Neighborhood Project: the Urns and Public Art

The impulse behind public art is a good one, I think. I like the idea of bringing art out into the community, making it part of everyday life and free to experience. And I'm all for paying artists and craftspeople to create their works. But from what I've seen, the process becomes politicized fairly quickly. The call goes out; the artists apply. The committee judges, basing their decision on the object itself, the artist's experience, cost, the durability (sometimes) of the work, and the impact to the community (sometimes). It gets installed. Those who chose it, love it. Those who are surprised to find it have mixed reactions. And there are always disagreements and always a group full of criticism, right or wrong. If it's out in public, that's fair. Occasionally, a neighborhood group takes on a project, to mixed results.

I had a feeling this was coming: a new urn at the triangle park, which is on my daily walking route. At least two were already installed seven years ago. Not exactly public art, but in public and meant to be viewed and enjoyed. It is more like a call-back to history, renovation, and repair, symbolizing everything the original historical project represented.

August 31, 2011, I stumbled across the neighborhood project first being installed. One of several new urns, modeled after one legacy urn. A concrete pedestal had been cast. A crew must have hoisted this person-size urn into place. And a group dedicated it. There was a second one down the street on a traffic island.

The urns surprised me. I thought perhaps they were to honor the Ohlone people, who lived here hundreds of years ago and were displaced by the Spanish and the missionaries in the 1700s. It's easy to think this might be so because the oldest original urn is left standing at the foot of a path called "Indian Trail." I took this photo in 2011, but shortly thereafter, the elderly urn was repaired and given a new collar to match historical photos.

legacy urn, 2011

legacy urn, 2018

But it's not about the Indians at all. Not a tribute to those who were here first. According to the website and the plaque that was installed, this area in the Berkeley hills did not become a public park, which some desired, but was subdivided and developed in 1909 with winding roads and paths and natural elements. "About 20 monumental urns, in the style of Maxfield Parrish, were placed by developers along streets and walking paths," says the sign. So they are random, perhaps of their time. 

One Parrish painting with urns from 1908 is The Garden of Allah based on an "idealized interpretation of a scene from Islamic mythology." How confusing! I think the word "idealized" is probably the key. Idealized nature. Idealized homes. Idealized art. For those who could afford it. If we are to understand the context the urns become a symbol of idealized wealth and perhaps idealized lifestyle. What is so strange about the addition of the urns is that the area is already beautiful. It features abundant and twisty old Live Oaks, Camphor, Magnolia, and other trees, as well as monumental boulders pushed up out of the earth and transported to the area (I wrote about the rocks in this 2016 post). To see the natural beauty is one of the reasons I go walking up there.

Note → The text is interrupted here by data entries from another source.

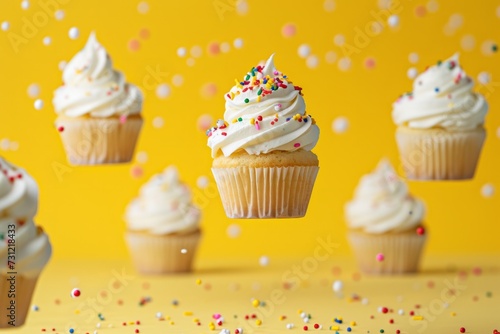 Cupcakes Showcase Effortless Deliciousness, Adorned With Cream And Sprinkles, Against Vibrant Yellow Backdrop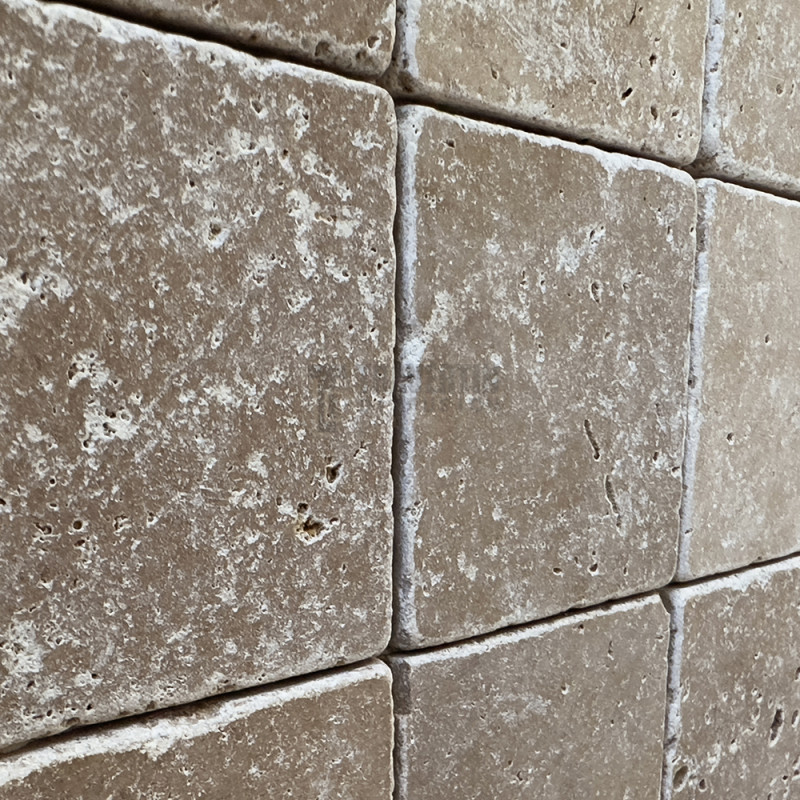 Petit carrelage travertin sol-mur Noisette 20x20x1cm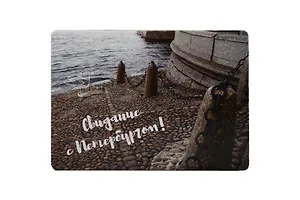 Магнит СПб Свидание с Петербургом (чайка и набережная) (фото) (9х6,5) (винил) (МВ2020-028)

One morning recently, I found the urn at Great Stoneface Park had been vandalized. (I think this was related to the legalization of marijuana more than any other statement.)

It has since been cleaned, with no trace of the graffiti left behind.

The 2018 urn at the triangle park should be getting its collar soon.

(Photo addendum: February 11, 2018)

And I just found another, at the top of Thousand Oaks Blvd.

On an aesthetic level, I don't mind the urns. They're pleasant and noncontroversial as objects. But it seems like we are going backward. To me, the concept and meaning behind them don't feel appropriate to life today. What, exactly, do we want to restore when we reach back to history? What are we saying? I think the deeper questions of the art we choose and why we choose it continue to be relevant. It is particularly important now as we are faced with and explore the other question of whether an artist has to be both a good artist and a good person for us to enjoy the works.